**Brief:** Every line of the records that holds the word "backdrop" should be copied out.

**Provided records:**
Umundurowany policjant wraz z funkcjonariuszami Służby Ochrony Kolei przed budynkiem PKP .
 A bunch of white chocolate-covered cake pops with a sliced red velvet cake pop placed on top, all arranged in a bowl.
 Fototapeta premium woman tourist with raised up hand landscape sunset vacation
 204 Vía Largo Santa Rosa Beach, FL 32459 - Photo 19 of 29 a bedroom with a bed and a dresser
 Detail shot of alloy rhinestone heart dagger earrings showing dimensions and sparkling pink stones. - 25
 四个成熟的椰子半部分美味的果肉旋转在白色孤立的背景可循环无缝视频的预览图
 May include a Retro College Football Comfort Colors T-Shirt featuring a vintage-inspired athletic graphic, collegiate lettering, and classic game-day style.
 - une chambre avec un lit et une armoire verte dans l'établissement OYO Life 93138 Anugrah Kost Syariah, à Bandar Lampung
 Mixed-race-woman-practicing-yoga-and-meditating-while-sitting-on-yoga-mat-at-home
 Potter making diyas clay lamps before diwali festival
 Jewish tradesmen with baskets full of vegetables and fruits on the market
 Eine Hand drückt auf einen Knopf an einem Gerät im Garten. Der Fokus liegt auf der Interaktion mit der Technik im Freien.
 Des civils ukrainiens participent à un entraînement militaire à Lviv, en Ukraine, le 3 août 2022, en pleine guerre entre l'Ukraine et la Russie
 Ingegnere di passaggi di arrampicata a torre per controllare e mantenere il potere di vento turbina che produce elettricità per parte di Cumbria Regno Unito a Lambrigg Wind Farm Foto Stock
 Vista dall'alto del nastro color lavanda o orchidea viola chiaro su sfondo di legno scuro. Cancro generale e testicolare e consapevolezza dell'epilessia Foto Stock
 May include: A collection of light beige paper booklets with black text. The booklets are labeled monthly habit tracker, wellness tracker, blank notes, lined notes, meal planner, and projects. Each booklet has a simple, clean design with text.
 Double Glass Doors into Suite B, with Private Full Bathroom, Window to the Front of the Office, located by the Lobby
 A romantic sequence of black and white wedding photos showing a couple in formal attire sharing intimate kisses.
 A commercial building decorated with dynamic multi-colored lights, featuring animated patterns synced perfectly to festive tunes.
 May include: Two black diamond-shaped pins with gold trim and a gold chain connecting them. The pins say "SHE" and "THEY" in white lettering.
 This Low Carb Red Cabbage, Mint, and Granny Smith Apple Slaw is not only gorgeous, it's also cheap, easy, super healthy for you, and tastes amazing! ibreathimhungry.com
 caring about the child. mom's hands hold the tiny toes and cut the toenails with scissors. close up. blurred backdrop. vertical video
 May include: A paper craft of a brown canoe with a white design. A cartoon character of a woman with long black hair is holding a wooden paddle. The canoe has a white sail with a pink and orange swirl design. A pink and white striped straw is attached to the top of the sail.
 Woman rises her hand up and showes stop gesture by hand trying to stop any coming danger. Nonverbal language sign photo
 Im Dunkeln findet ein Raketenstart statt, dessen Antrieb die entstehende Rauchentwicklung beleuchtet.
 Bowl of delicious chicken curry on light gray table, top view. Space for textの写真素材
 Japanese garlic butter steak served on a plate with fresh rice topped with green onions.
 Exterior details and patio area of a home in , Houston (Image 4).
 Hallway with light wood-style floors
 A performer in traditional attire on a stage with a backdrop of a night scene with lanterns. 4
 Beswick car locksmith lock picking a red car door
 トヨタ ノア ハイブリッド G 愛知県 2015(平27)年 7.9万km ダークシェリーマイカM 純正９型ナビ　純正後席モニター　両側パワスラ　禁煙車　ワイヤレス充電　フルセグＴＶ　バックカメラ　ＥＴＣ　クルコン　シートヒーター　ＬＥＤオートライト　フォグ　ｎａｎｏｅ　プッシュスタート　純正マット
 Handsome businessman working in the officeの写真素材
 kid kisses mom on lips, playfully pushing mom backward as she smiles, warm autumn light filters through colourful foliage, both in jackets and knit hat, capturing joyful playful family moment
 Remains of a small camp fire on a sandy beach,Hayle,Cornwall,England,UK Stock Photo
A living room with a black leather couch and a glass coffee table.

**Reply:**
 caring about the child. mom's hands hold the tiny toes and cut the toenails with scissors. close up. blurred backdrop. vertical video
 A performer in traditional attire on a stage with a backdrop of a night scene with lanterns. 4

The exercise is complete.